STUDIES published recently in scientific journals have demolished the false impression that salmon farming has any impact on wild salmon stocks, according to Irish Farmers’ Association aquaculture executive Richie Flynn.
“The wealth of data and strength of analysis of these studies clearly show there is no relationship between salmon farming and stocks of wild salmon along our coast and that the problems for wild fish – backed up by other research such as the €5.5 million EU project SALSEAmerge – are found in the wild salmon feeding grounds in the far north Atlantic,” Flynn said.
“There have been many attempts to blame fish farmers for wild salmon declines. Yet the fact that our native rivers have been neglected, overgrown by trees and weeds and blocked, undermanaged and covered by dams and unsuitable concrete traps is always overlooked.
“It is a fact that only a few Irish rivers have modern electronic fish counters to give the only accurate information on salmon stocks available to scientists and regulators.
“It is time that the European Commission looked into the governance and regulation of our wild fishery rivers to examine if they are in compliance with habitats and other environmental directives, in particular where any disturbance is caused by works carried out by state agencies which impact on freshwater pearl mussels and sensitive habitats.”
The scientific research carried out by the Irish Marine Institute and published in peer-reviewed journals, states that “results from this study over a period of nine years point to infestation with the salmon louse as being a minor component of marine mortality in the stocks studied”.
Flynn said the increasing stocks of wild salmon in Ireland, evident in the catch statistics and counter data, point to particular problems in some river systems – especially along the east coast where angling is severely restricted.
“It is important to note that no salmon farming takes place in these eastern areas,” he said. “Along the west coast, where most of the privately owned fisheries exist – a throwback to colonial times – the slaughter of wild salmon by rod and line is allowed in many rivers due to the abundance of stocks. In fact, the only scientifically proven human impact on wild stocks is by fishing and carrying out extended periods of impaling to exhaustion tens of thousands of fish at the end of a hook by angling, using methods which would never be allowed or acceptable in the farmed fish industry under animal welfare legislation.”
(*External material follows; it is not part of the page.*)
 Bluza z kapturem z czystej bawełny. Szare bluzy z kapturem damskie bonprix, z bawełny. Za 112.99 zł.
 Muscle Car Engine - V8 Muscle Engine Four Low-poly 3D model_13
Flynn added: “The farmed salmon industry provides much needed jobs and export revenue to communities where very little alternative employment prospects exist but are a vital part of our society and culture. It is all very well for those who could afford to retire to expensive coastal holiday homes at the height of the Celtic Tiger property boom to complain about seeing activity on the sea, or those who wish that there were more wild fish to catch, but to curse aquaculture is a lazy and baseless option. With over 60 per cent of our seafood in the EU being imported, a growing demand for quality fish and shellfish around the world and the best waters in Europe to grow organic and high standard fish, it would be ludicrous to ignore this open opportunity in the knowledge that good farming represents no threat to wild stocks. We must develop aquaculture for the sake of our young people and our coastal villages and towns.”